**Directions for this task**:
Repeat only what runs from the line with "Loose electrical panel" through the last line of the data below, both included, keeping every word as it is and leaving out the pictures.

(Items listed in a dataset)
---

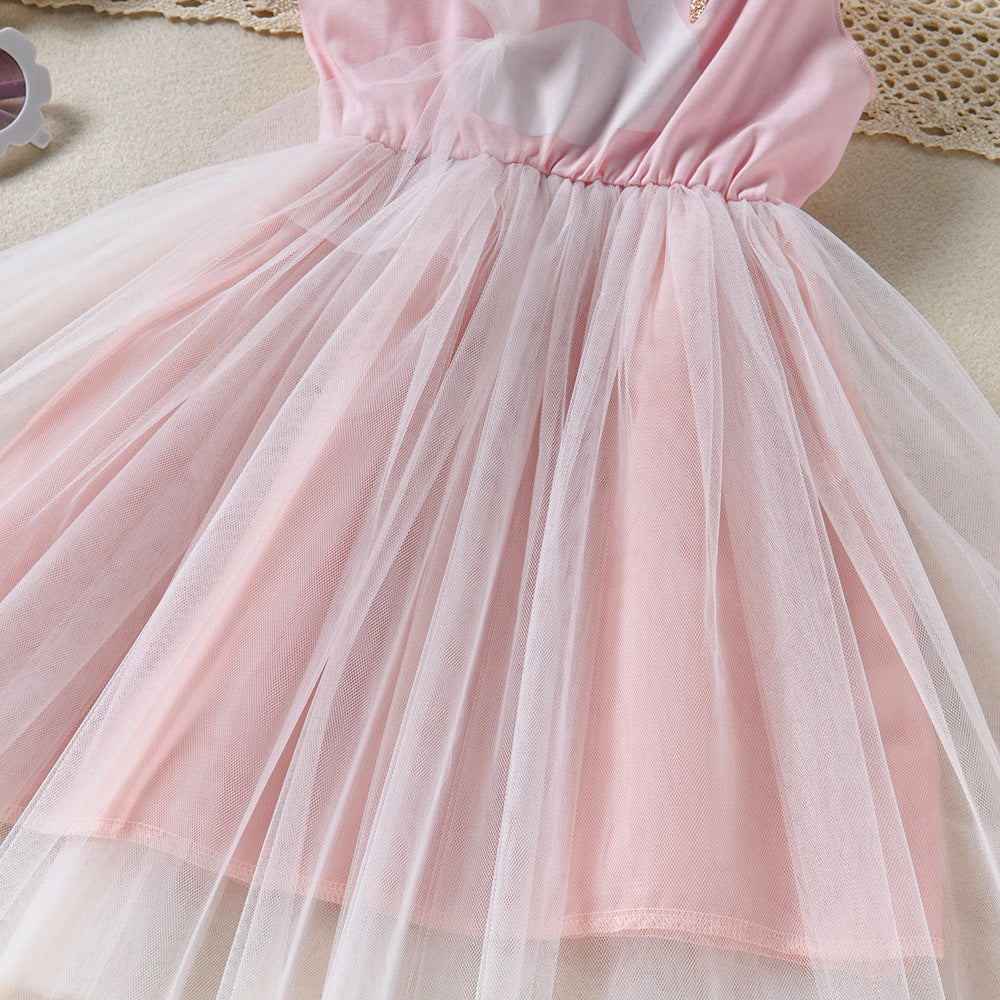 Toddler Kids Girls Summer Solid Color Cartoon Swan Print Sleeveless Mesh Stitched Vest Dress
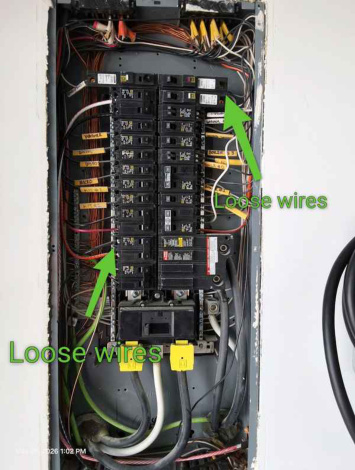 Loose electrical panel wiring found during a North Idaho home inspection by AIM Home Solutions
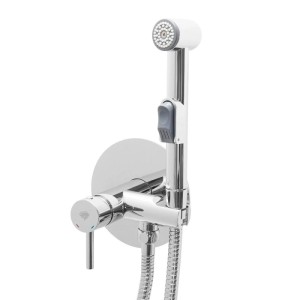 Glänzendes Chrom Bidetbrause-Set mit Handbrause, Mischfunktion und 150 cm Flexschlauch für WC und Bad.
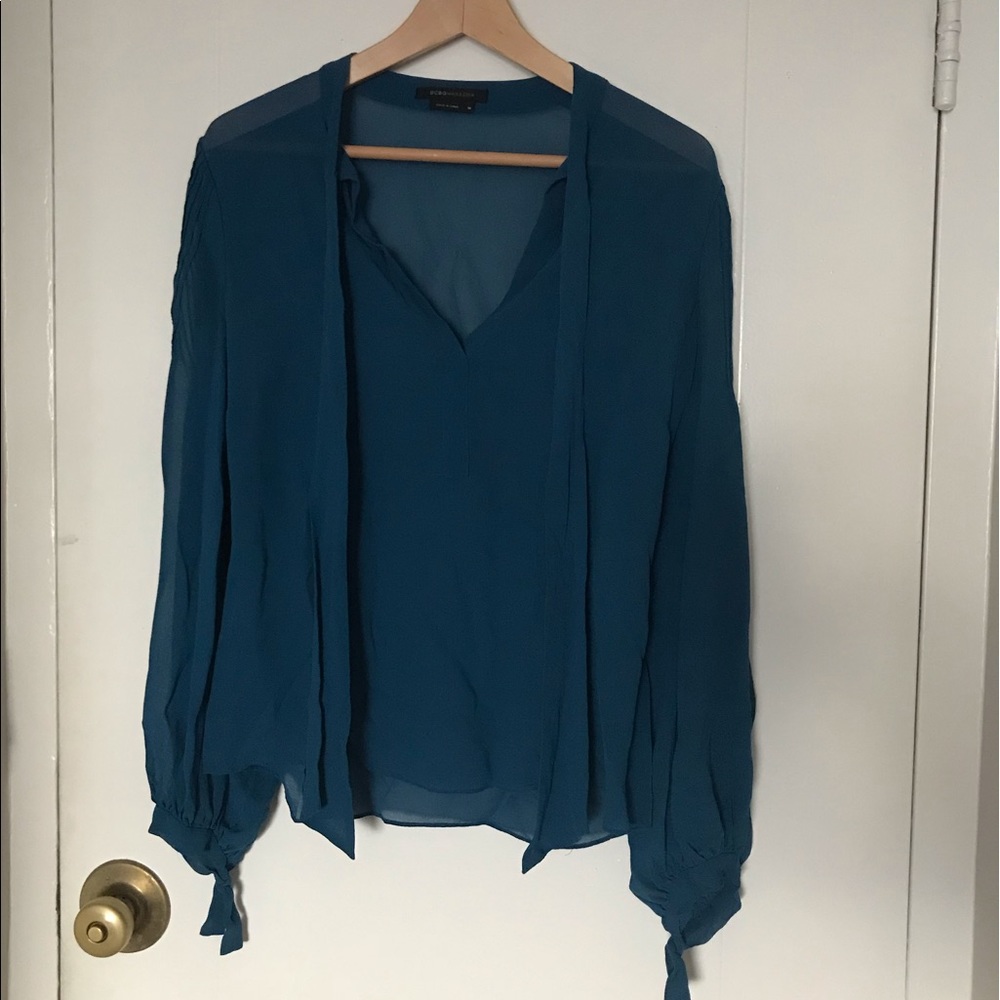 BCBG sheer blouse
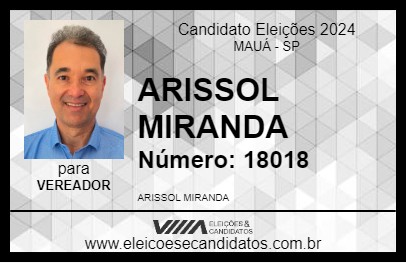 Candidato ARISSOL MIRANDA 2024 - MAUÁ - Eleições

---

**Finished exercise**:
 Loose electrical panel wiring found during a North Idaho home inspection by AIM Home Solutions
 Glänzendes Chrom Bidetbrause-Set mit Handbrause, Mischfunktion und 150 cm Flexschlauch für WC und Bad.
 BCBG sheer blouse
 Candidato ARISSOL MIRANDA 2024 - MAUÁ - Eleições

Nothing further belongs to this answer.